The key to Integration by Parts is to identify part of the integrand as “\(u\)” and part as “\(dv\text{.}\)” Regular practice will help one make good identifications, and later we will introduce some principles that help. For now, let \(u=x\) and \(dv=\cos(x) \ dx\text{.}\)

It is generally useful to make a small table of these values as done below. Right now we only know \(u\) and \(dv\) as shown on the left of Figure 6.2.3; on the right we fill in the rest of what we need. If \(u = x\text{,}\) then \(du = dx\text{.}\) Since \(dv = \cos(x) \ dx\text{,}\) \(v\) is an antiderivative of \(\cos(x)\text{.}\) We choose \(v = \sin(x)\text{.}\)

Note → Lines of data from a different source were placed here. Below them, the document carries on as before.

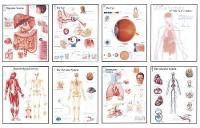 Book Cover for Human Anatomy Chart Pack by Scientific Publishing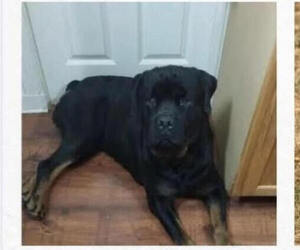 Father of the Rottweiler puppies born on 12/18/2025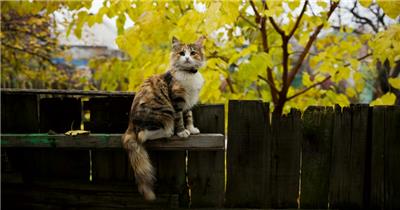 秋天墙内篱笆上的可爱小猫咪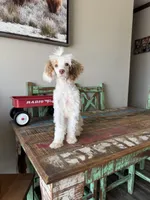 Akc 🧬 Tested Clear AtAt KyKy S/S bb girl , a female Poodle - Miniature  for sale in Campbell, TX – 10 of 10
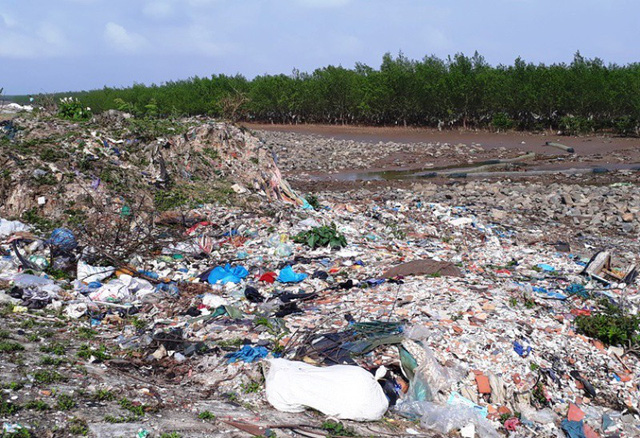 Thanh[-]Ho&aacute;:[-]Kinh[-]h&atilde;i[-]r&aacute;c[-]thải[-]quấn[-]chặt[-]c&acirc;y[-]rừng[-]ph&ograve;ng[-]hộ[-]ven[-]biển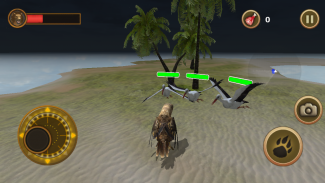 Sea Eagle Survival Simulator screenshot 5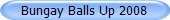 Bungay Balls Up 2008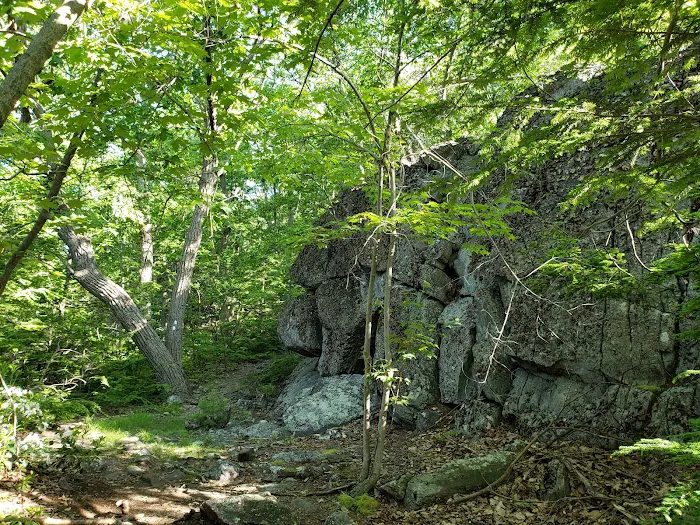 Quail Trailhead Picture 2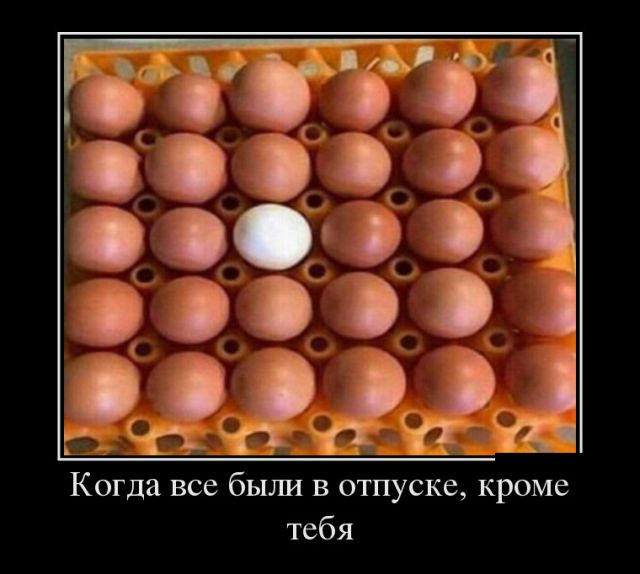 Свежайшие демотиваторы для отличного настроения Свежайшие демотиваторы для отличного настроения картинки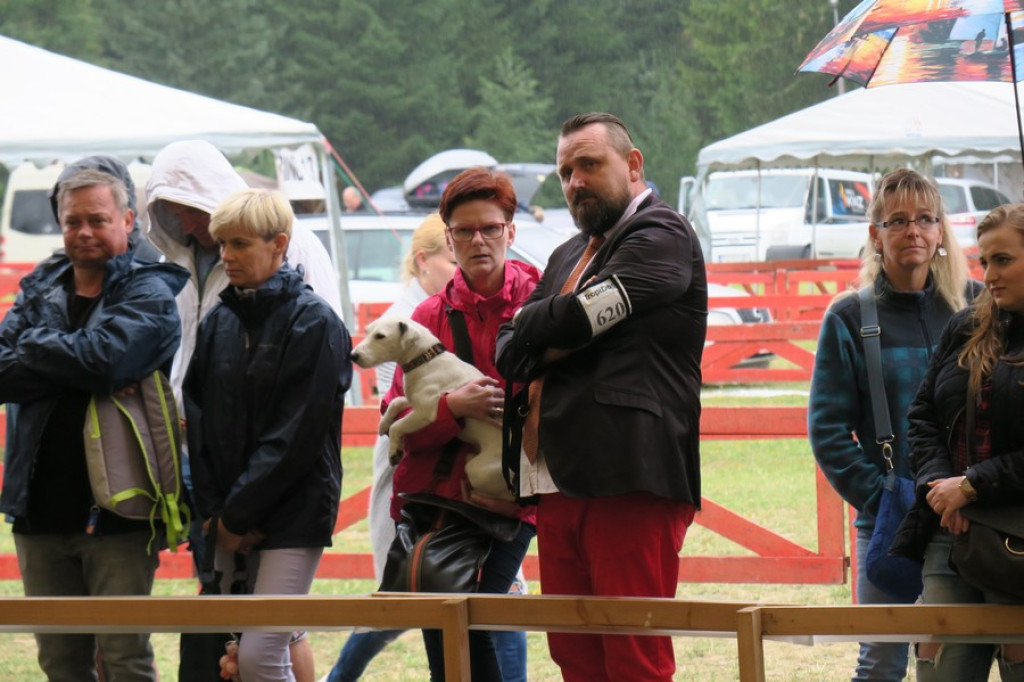 V. Międzynarodowa Wystawa Psów Rasowych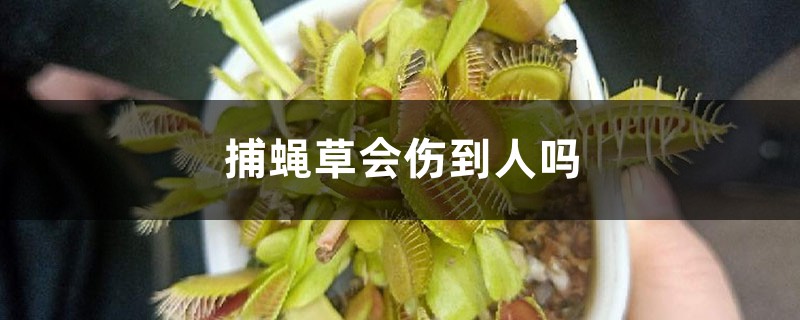 捕蝇草会伤到人吗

Now substitute all of this into the Integration by Parts formula, giving \begin{equation*} \int x\cos(x) \,dx = x\sin(x) - \int \sin(x) \,dx. \end{equation*}

We can then integrate \(\sin(x)\) to get \(-\cos(x) + C\) and overall our answer is \begin{equation*} \int x\cos(x) \ dx = x\sin(x) + \cos(x) + C. \end{equation*}

Note how the antiderivative contains a product, \(x\sin(x)\text{.}\) This product is what makes Integration by Parts necessary.

We can check our work by taking the derivative: \begin{align*} \lzoo{x}{x\sin(x) + \cos(x) + C} \amp =x\cos(x)+\sin(x)-\sin(x)+0\\ \amp = x\cos(x)\text{.} \end{align*}

The integrand contains an Algebraic term (\(x\)) and an Exponential term (\(e^x\)). Our mnemonic suggests letting \(u\) be the algebraic term, so we choose \(u=x\) and \(dv=e^x\,dx\text{.}\) Then \(du=dx\) and \(v=e^x\) as indicated by the tables below.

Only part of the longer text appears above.